In partial acknowledgement of the high number of people with gambling problems who exclude, it has been suggested that self-exclusion should be combined with psychological treatment [1]. Estimates indicate that only about one in five people with problem gambling have undertaken action to change their gambling behaviour, including professional services and informal help [17•]. Evidence suggests that people who self-exclude do not want psychological treatment to change gambling behaviour and this is perhaps why they have selected self-exclusion [4]. For instance, a study in which a brief intervention with a counsellor was offered at the start and end of a self-exclusion period showed that only 15% of participants took up the option of professional treatment [56]. Similarly, a study conducted in Canada showed that when self-excluders were offered an intervention programme with motivational and self-management tools, only about one in three participants completed the programme [57]. These findings suggest that it may be beneficial to promote self-exclusion as a self-management tool using a method of stimulus control rather than a psychological treatment.

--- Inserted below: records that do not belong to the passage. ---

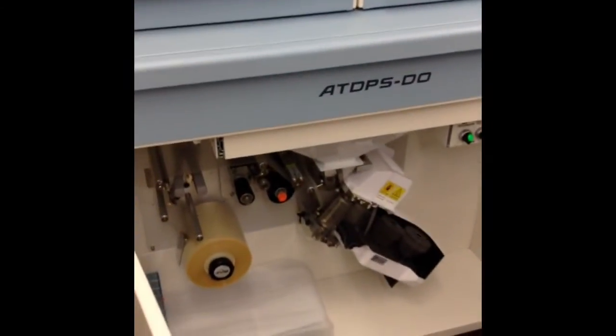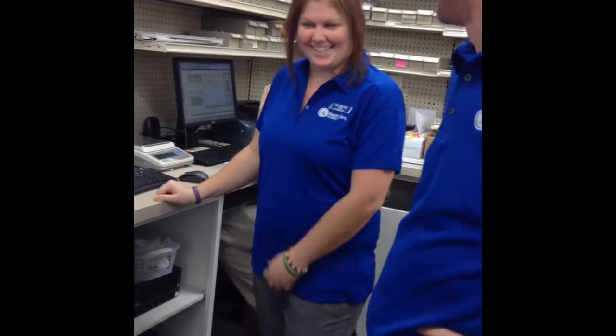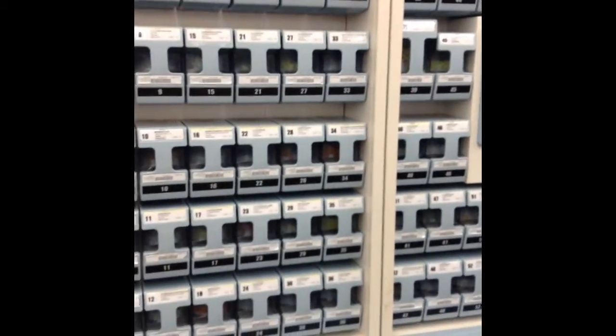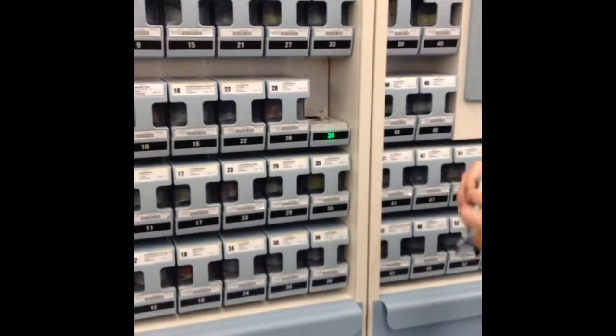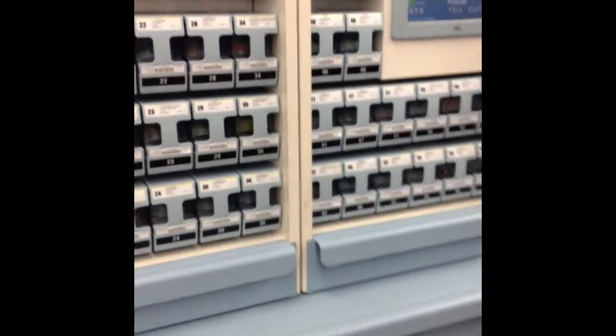We've got Josh and Tracy, and this is the wonderful Rex Packs machine — the pass machine, that's what it's called. So Tracy is going to do samples with Skittles. Each little cell has a barcode, so it's pretty Frank-proof, or dummy-proof if you will. So watch this thing.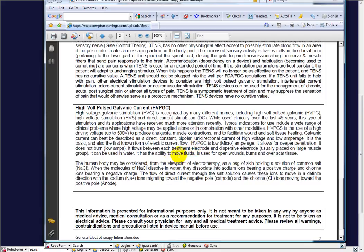The current flows between each treatment electrode and the dispersive electrode, usually placed on a large muscle group. It can be used in water. It has the ability to move fluids, and it's been used for open wounds, burns, and over scar tissue. From time to time we get an order for a galvanic from a physician, clinician, therapist, or wound care specialist because they have skin grafts that need to promote blood flow and circulation. The edema reduction and the ability to move fluids and increase blood flow in a direction is just amazing.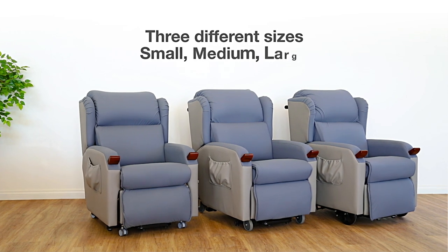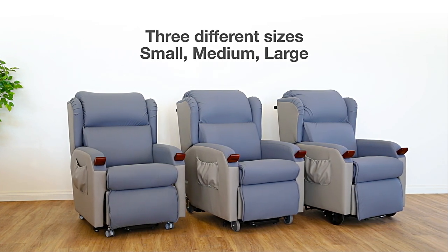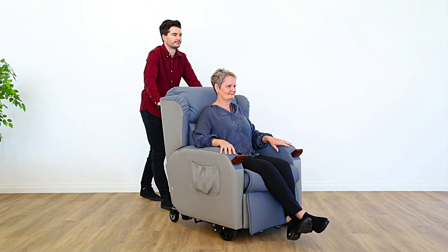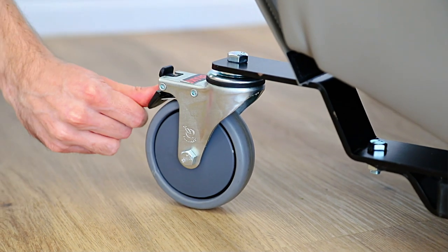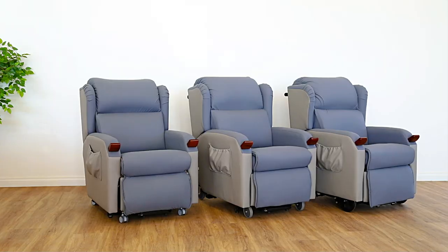The Compact Lift Chair comes in three different sizes and a range of custom colors and material options, also available in the Compact Mobile and Compact Premium Mobile lift chair models. Designed with healthcare workers' health and safety front of mind, these models feature an ergonomic push handle for easier maneuverability, larger sturdy lockable rear casters, and a foot attendant brake on the Premium Mobile.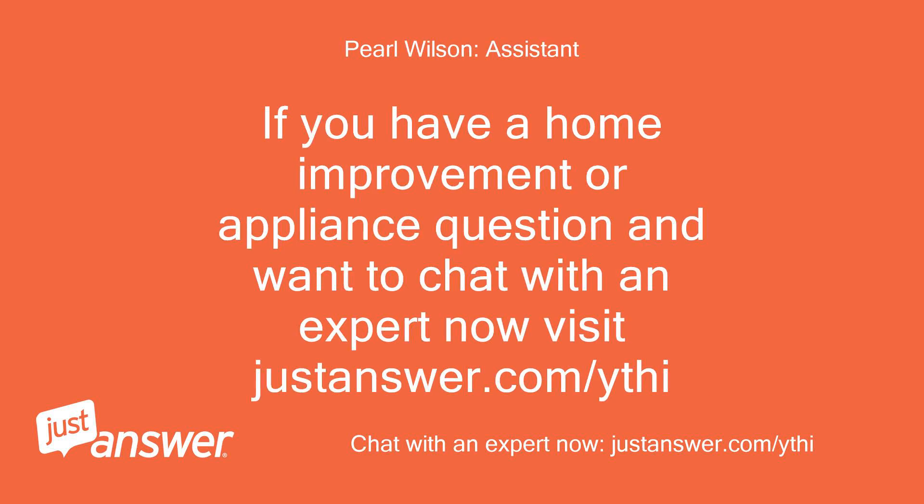If you have a home improvement or appliance question and want to chat with an expert now, visit justanswer.com/yth. Thank you very much.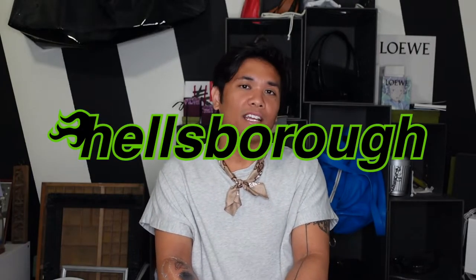Hey guys, my name is Justin and welcome to Hellsboro, where we care about the design behind design for luxury. And if you do too, make sure to subscribe.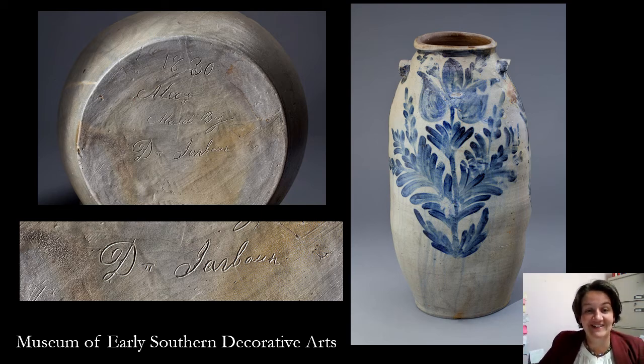To emphasize the need to go to MESDA or the Museum of Early Southern Decorative Arts is to see this piece in person. This piece was made by a man named David Jarbor, an enslaved potter who purchased his freedom in 1820. He continued living in Alexandria, Virginia, where he made this piece in 1830 and signed it — the inscription on the bottom says it is made by David Jarbor. There are a number of signed pieces made by him, but this piece is monstrous. Standing next to me at five foot four, it nearly comes up to my armpit. It's quite tall, quite large — just an incredible example of pottery making and a beautiful piece to behold in person.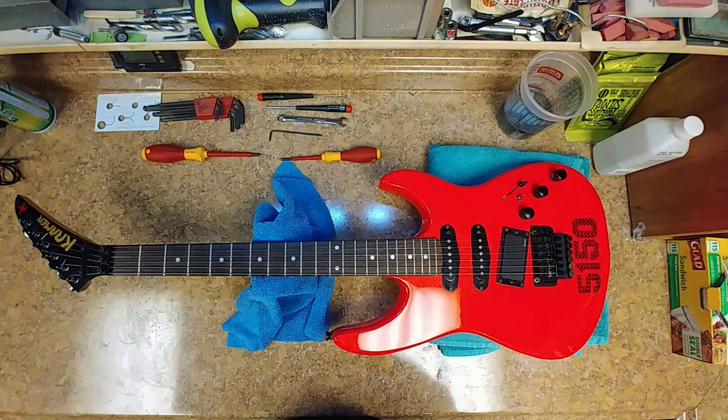I'm back again with the Kramer, and this is going to be a follow-up of everything that's been done with this guitar — knowing what you're getting into before you get into it, coming up with a plan of action, following certain steps in a way that makes sense instead of just jumping right in and stripping things out with no idea of how you're going to get it done or what you're going to use.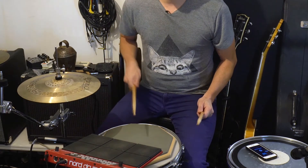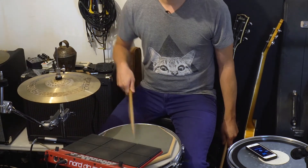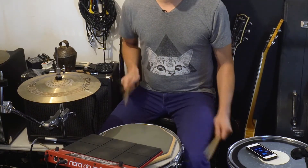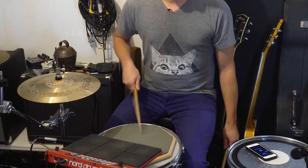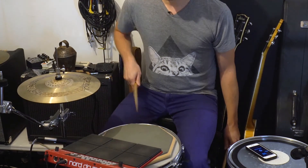Another variation is to move your weak hand around. If you have a tom — in this case I'm using my Nord Drum 3 as a secondary practice pad — you can move the weak hand strokes across different surfaces. And of course you can use the kick as well, combining kick, hi-hat, and your weak hand.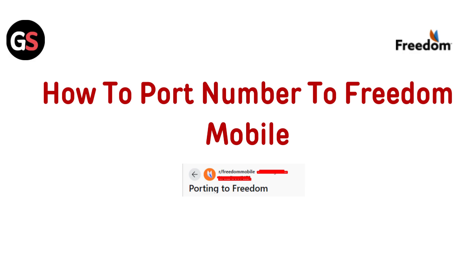Hi everyone, looking to switch to Freedom Mobile? In this video, we will guide you through the simple steps to port your number and make the switch hassle-free.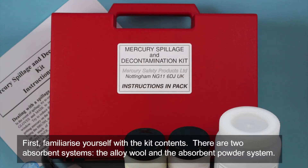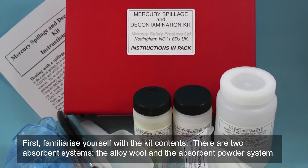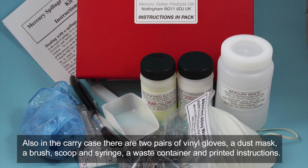First, familiarise yourself with the kit contents. There are two absorbent systems: the alloy wool and the absorbent powder system. Also in the carry case there are two pairs of vinyl gloves, a dust mask, a brush, scoop and syringe, a waste container and printed instructions.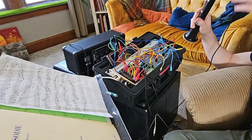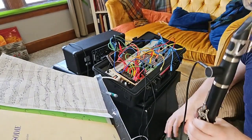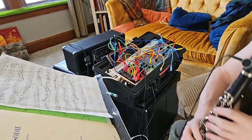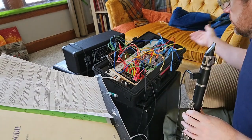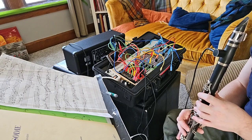This is Danny Boy by Richard Stoltzman, played on the old electric clarinet which I've been assembling. Pay no attention to the parts.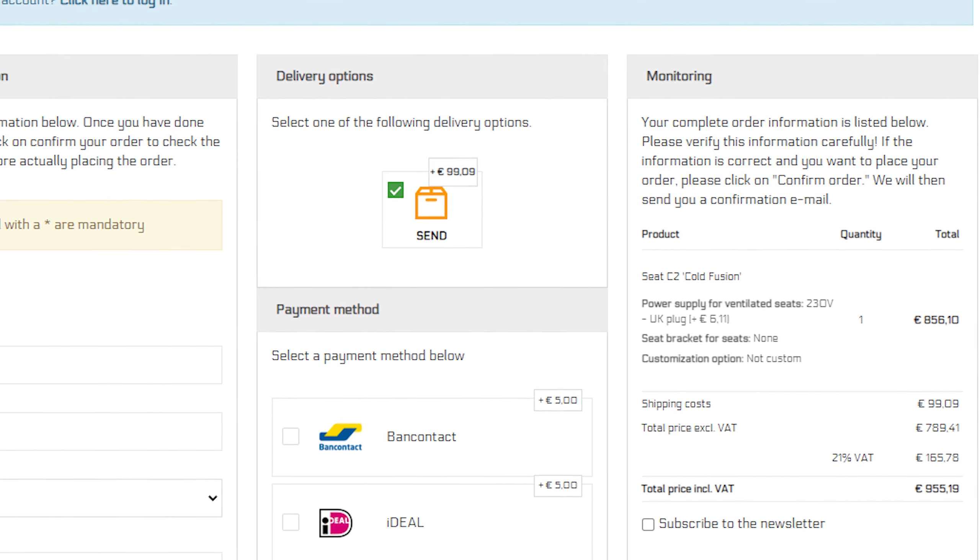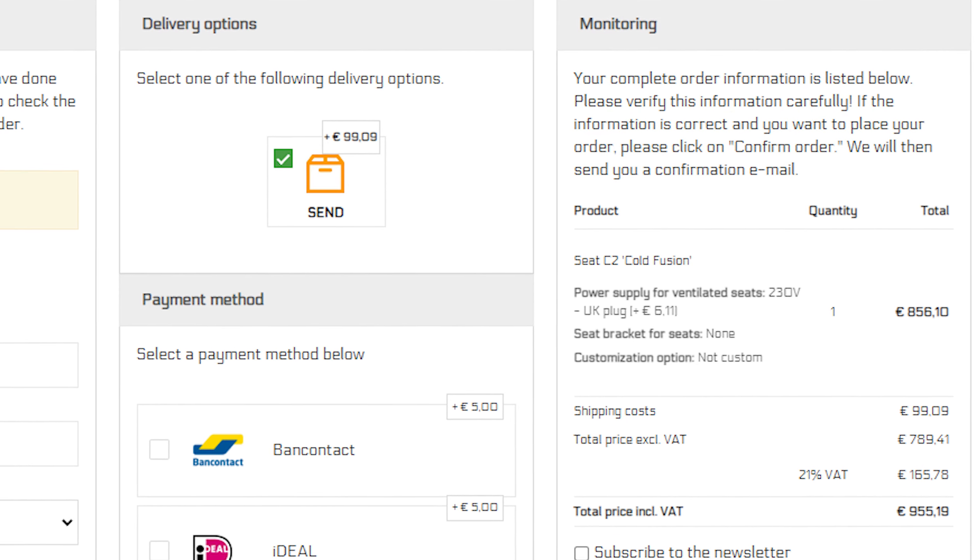Let's talk about price. For the seat itself it's 955 euros. If you wanted to customize it, it's 150 euros. And if you wanted Eau Rouge to design or work with you on the design, that's another 75 euros. That doesn't include seat mounts either — if you wanted to buy seat mounts from Eau Rouge, that's another 54 euros. And then shipping on top of that. So all in with the seat, a custom design, a UK plug, shipping, and 21% European VAT, that comes to 1,180 euros. Ouch.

It should be noted that this study may underestimate the self-exclusion prevalence overall and in those at various levels of gambling risk. In the majority of included studies, the self-exclusion item was only administered to people meeting criteria of past-year gambling participation or scoring above a certain threshold on the PGSI. Self-exclusion is intended to prevent exposure to gambling activities provided by gambling operators specified in the agreement. As such, people who self-exclude might not meet those criteria and would have been excluded from the meta-analysis, potentially leading to lower prevalence estimates. In addition, the estimates in the current study only reflect self-exclusion through a formal agreement. Self-exclusion from internet gambling operators may also be achieved by using blocking software that prevents access to these operators. Including use of blocking tools to self-exclude may increase self-exclusion estimates as illustrated by a survey performed among Canadian panellists who gambled online [58]. In this survey, 5% of respondents had ever asked for their gambling account to be blocked for a few weeks or more, while 8% had ever used a tool to block their access to online gambling. To adequately inform gambling harm reduction policies, there is a need for standardising the instruments and methods used to estimate self-exclusion. Importantly, self-exclusion survey items should be administered to a random selection of the entire study population regardless of current gambling behaviour or problem gambling risk to capture all people who self-exclude. It is recommended that items cover all self-exclusion options offered within a jurisdiction, preferably with sub-items dedicated to self-exclusion from specific gambling operators or types, particularly when there is no centralised system available.

To address concerns about the global expansion of gambling opportunities and with it a rise in gambling harm that will affect most parts of the world [59], the current study aimed to assess the international prevalence of use and awareness of self-exclusion programmes. Our review employed a rigorous systematic search which targeted both scientific and grey literature. Nevertheless, only studies from Australia, Canada, and the USA were represented in the findings, which limits generalisability to other regions in the world. This is in line with two other systematic reviews on gambling behaviour in self-excluders [4, 11, 60, 61], 5–6% in past year gamblers in the UK [62, 63], and 2% overall in Canada [58]). Given the likely rise in population surveys using panels, it is timely to examine the degree to which panels overestimate relevant prevalence rates and traditional approaches like computer-assisted telephone interviews provide an underestimation. In terms of bias towards English language, during our study selection process, a considerable number of studies were reviewed from jurisdictions where English is not the native language, but none was eligible for inclusion in the review, mostly due to insufficient data on self-exclusion. This is further supported by evidence from the African region, where gambling participation is becoming increasingly widespread but [64, 65], to date, limited information is available on gambling harm-reduction and self-exclusion programmes [64].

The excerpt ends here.